第8回 鹿児島・霧島
24年8月28日
 

霧島の九州研修道場(当時)から彼方を望めば、雲海に桜島が威容をのぞかせる(1990年10月、池田先生撮影)

明治維新の英傑を生み出した歴史回天の舞台の一つである鹿児島。池田先生が初めてこの地を踏んだのは、1958年(昭和33年)8月23日である。
汗を拭いながら、先生は同志の心を鼓舞した。同日の指導会では、「夫れ、雪至って白ければ、そむるにそめられず」(新1951・全1474)との一節を拝し、信心の姿勢について強調。

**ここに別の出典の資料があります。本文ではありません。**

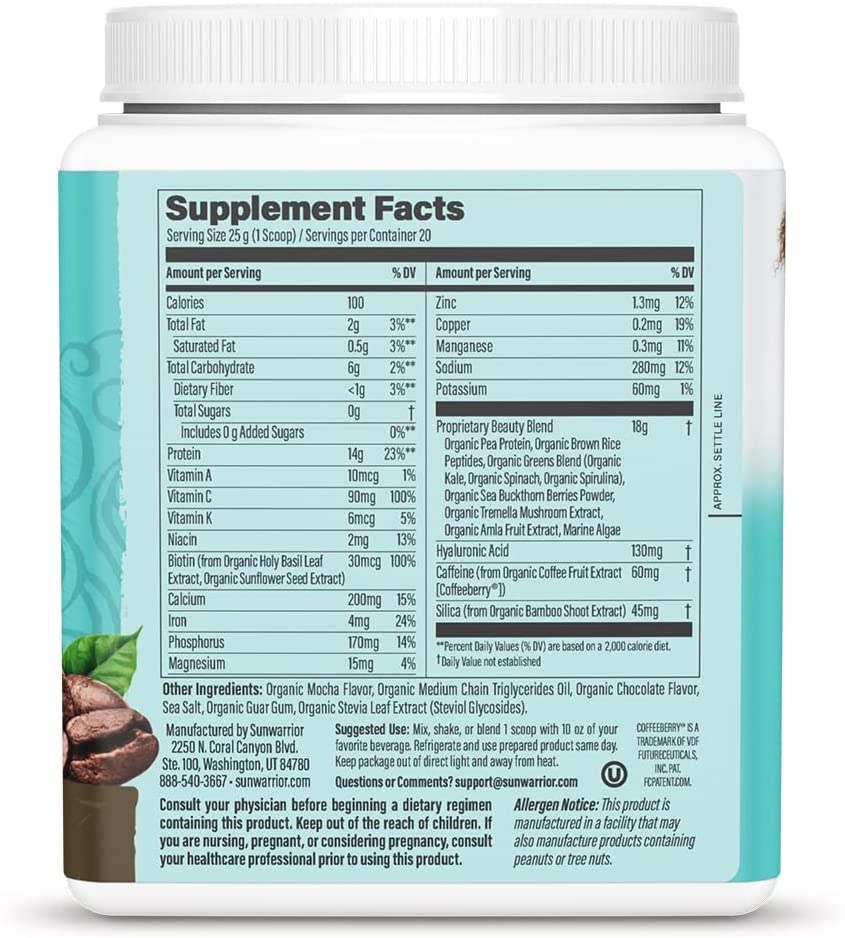 Bột thuần chay bổ sung collagen building protein peptides Sunwarrior 500g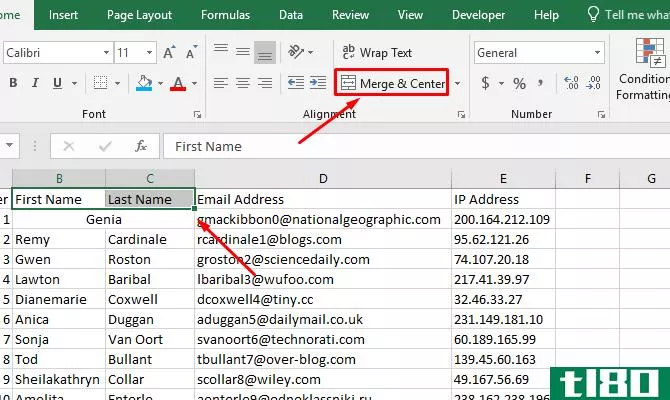 how to merge cells in excel - Excel Merge & Center button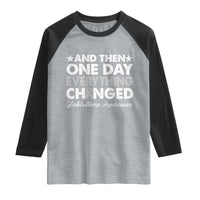 Glioblastoma Awareness Raglan Shirt Retro Fight Brain Tumor Cure Gray Ribbon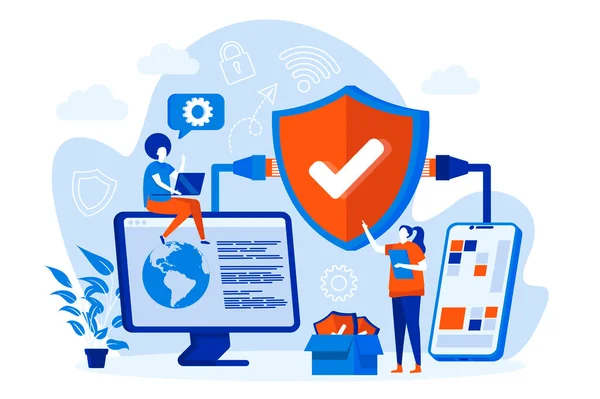 Concepto web de seguridad de red con personas. Ingenieros de ciberseguridad diseñan escenas de trabajo. Firewall y software antivirus de composición de estilo plano. Ilustración vectorial para materiales promocionales de redes sociales. — Archivo Imágenes Vectoriales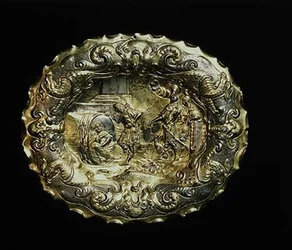 Prato mostrando Diógenes e Alexandre, o Grande, Augsburg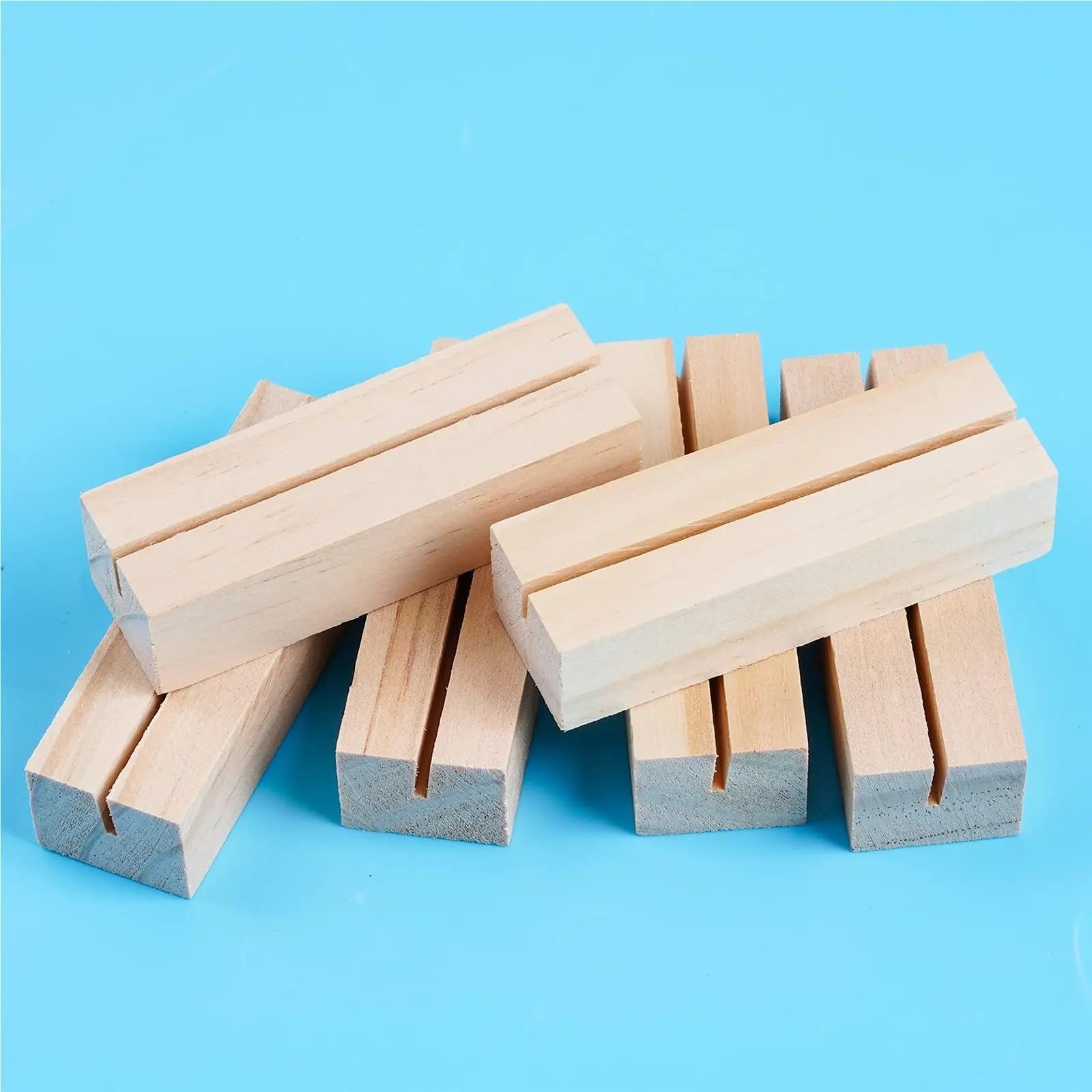 Soporte for números de mesa, soporte for tarjetas, fotos e imágenes, soportes de madera for exhibición(20pcs)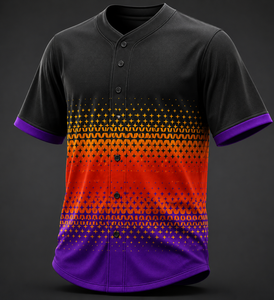 Camiseta de Béisbol Personalizada con Impresión por Transferencia de Calor |   Antibacteriano 100% Poliéster |   Uniforme de Equipo con Degradado de Negro a Naranja | - Product Image 1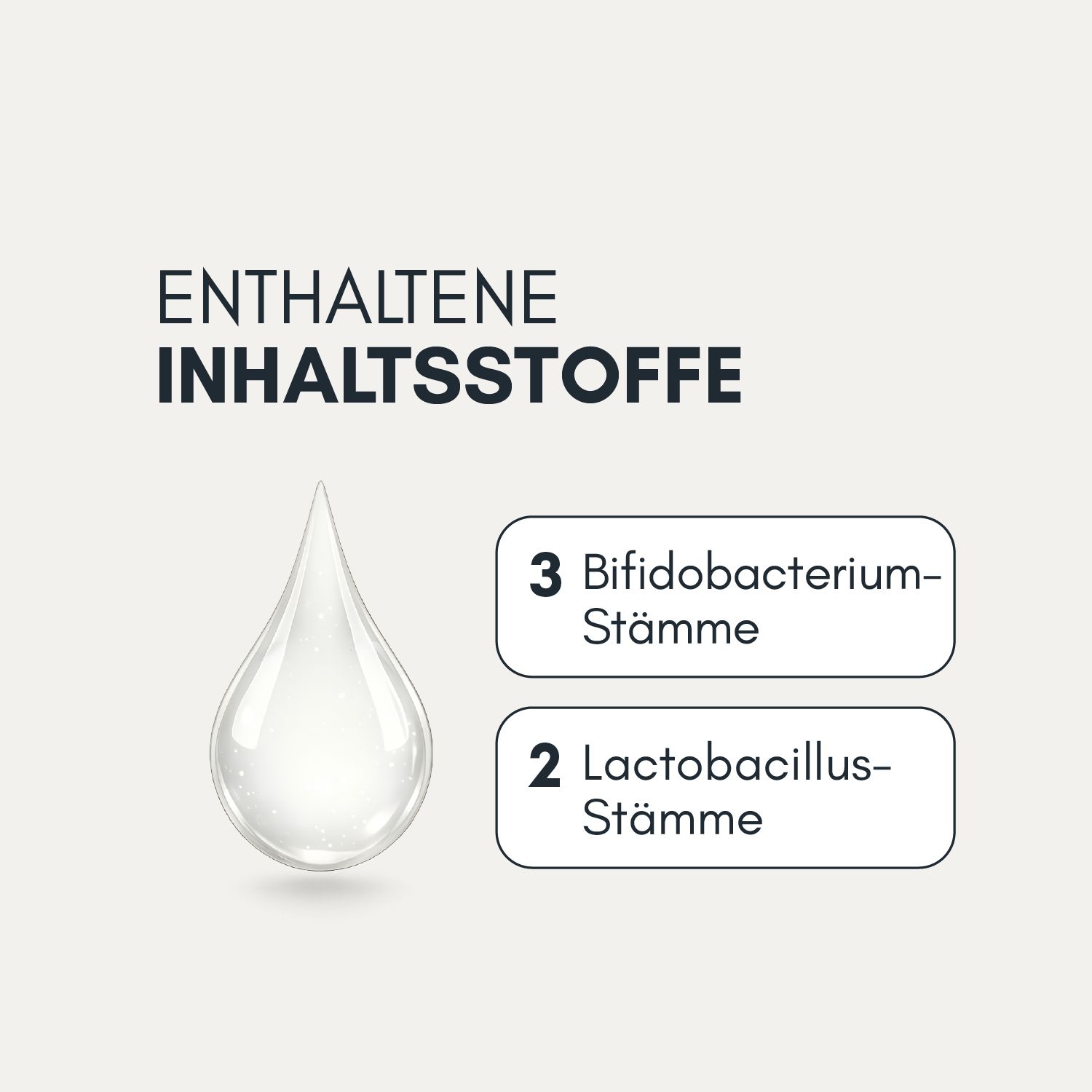 Enthaltene Inhaltsstoffe: 3 Bifidobacterium-Stämme und 2 Lactobacillus-Stämme.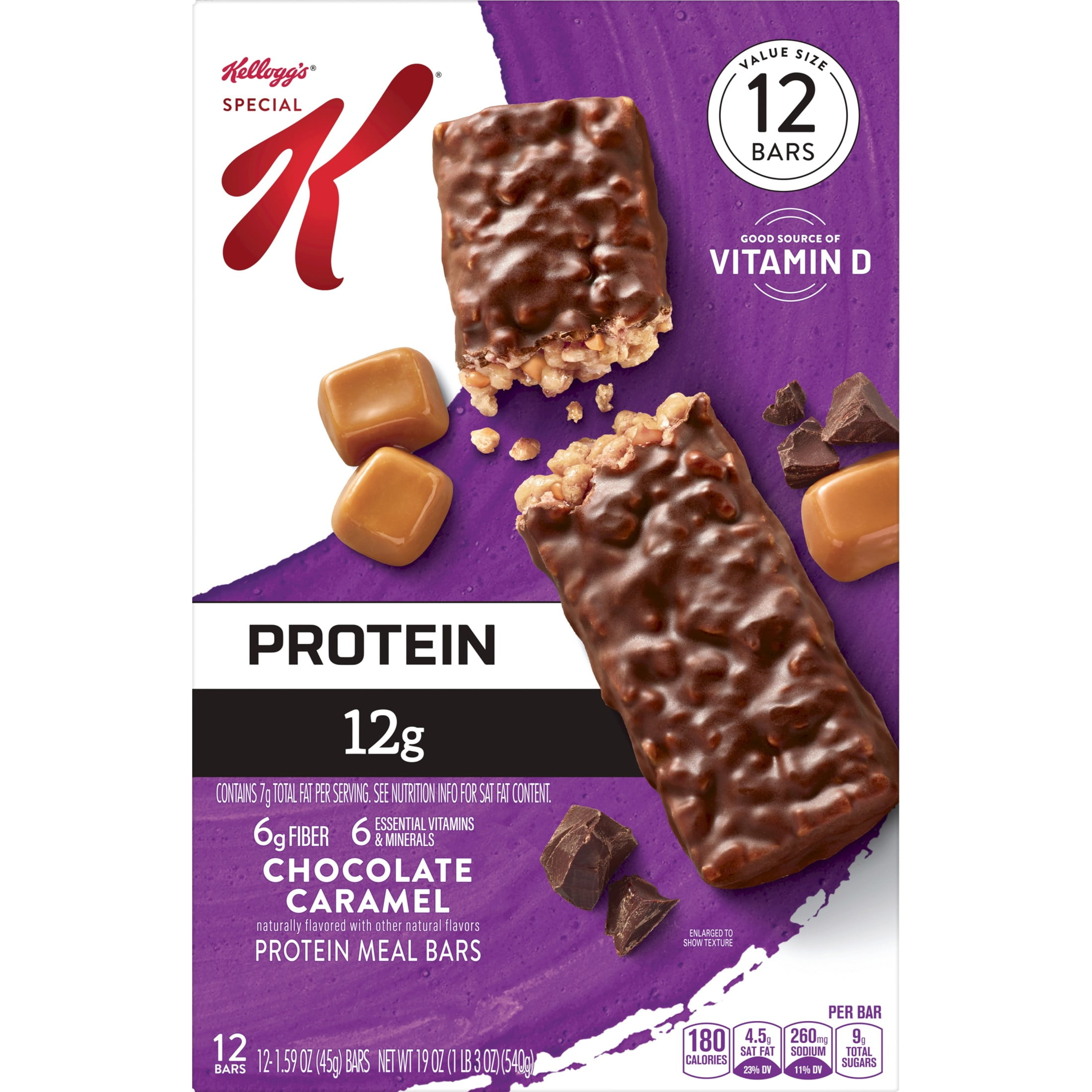 Special K Bar Chocolate Caramel Chewy Protein Meal Bars, 12g Protein Snacks, 19 oz, 12 Count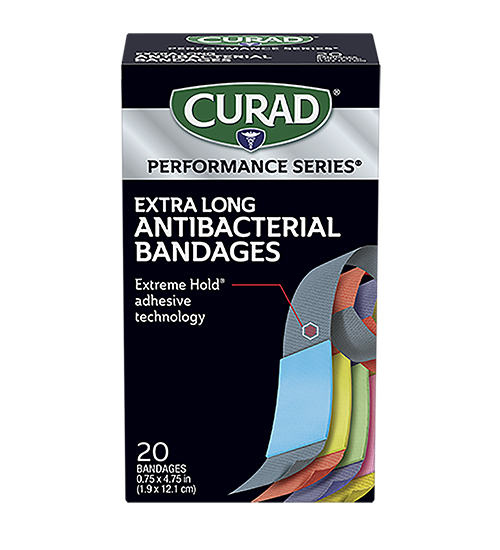 Image of Curad Performance Series Extreme Hold Antibacterial Extra Long Adhesive Bandages, 20 count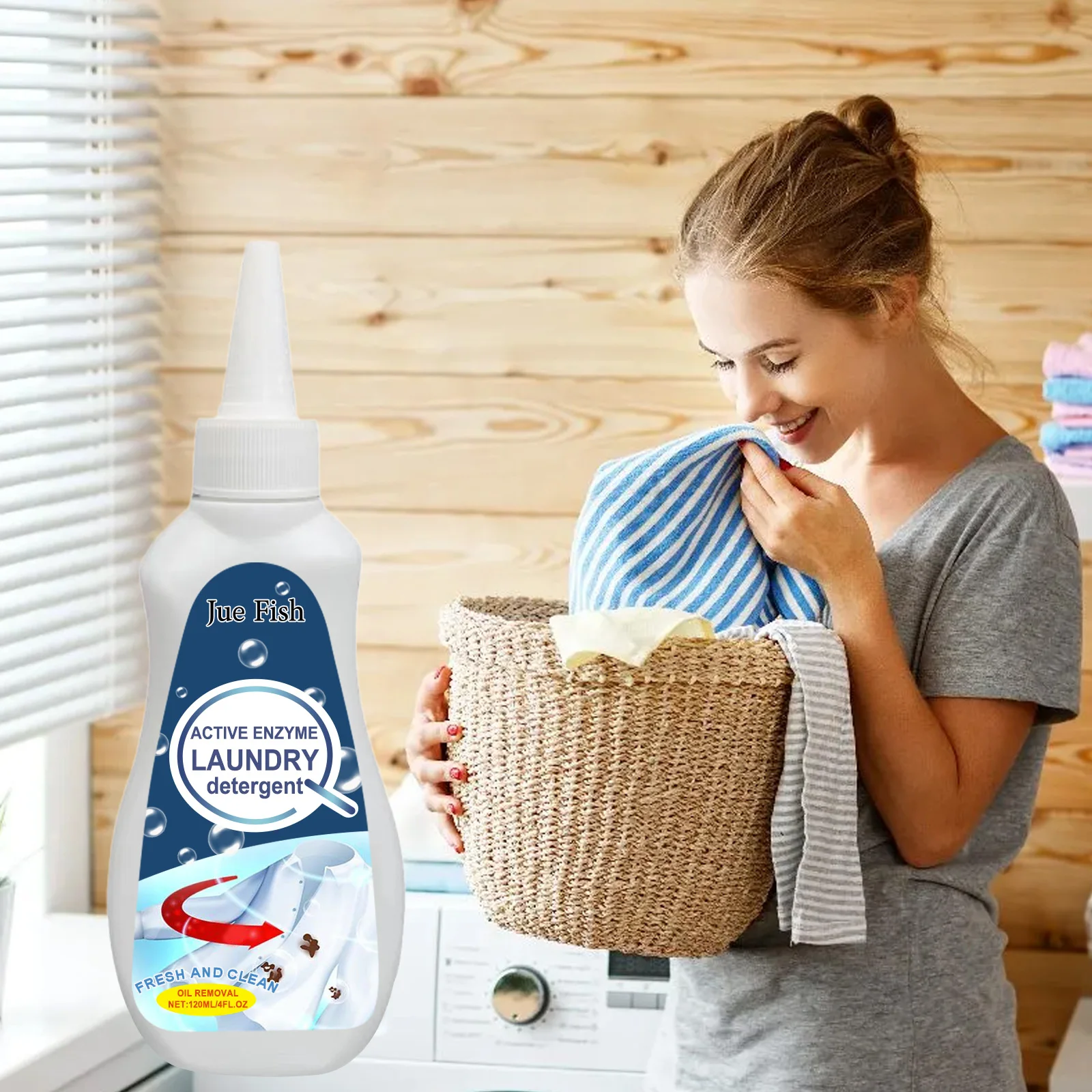 Jue-fish Laundry Detergent Liquid Enzyme Clothing Stains Cleaner Eco-friendly Fabric Cleaner Liquid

「混じりっけのない純真な信心を貫き、御本尊と学会を信じるんです」と訴えた。
さらに、「信心とは、希望と確信と勇気、そして実践です」との指針を示した。
翌24日の入信記念日には、錦江湾に浮かぶ桜島を訪れ、青年と懇談。この日から鹿児島広布は加速度を増していく。以来、先生の鹿児島訪問は23回にのぼり、そのうち17回、現在の霧島市を訪れている。
山紫水明の自然に恵まれた霧島には、かつて九州総合研修所(当時)があった。本部幹部会や各部の研修会、世界の友との交流……。幾つもの師弟のドラマが、この場所で生まれた。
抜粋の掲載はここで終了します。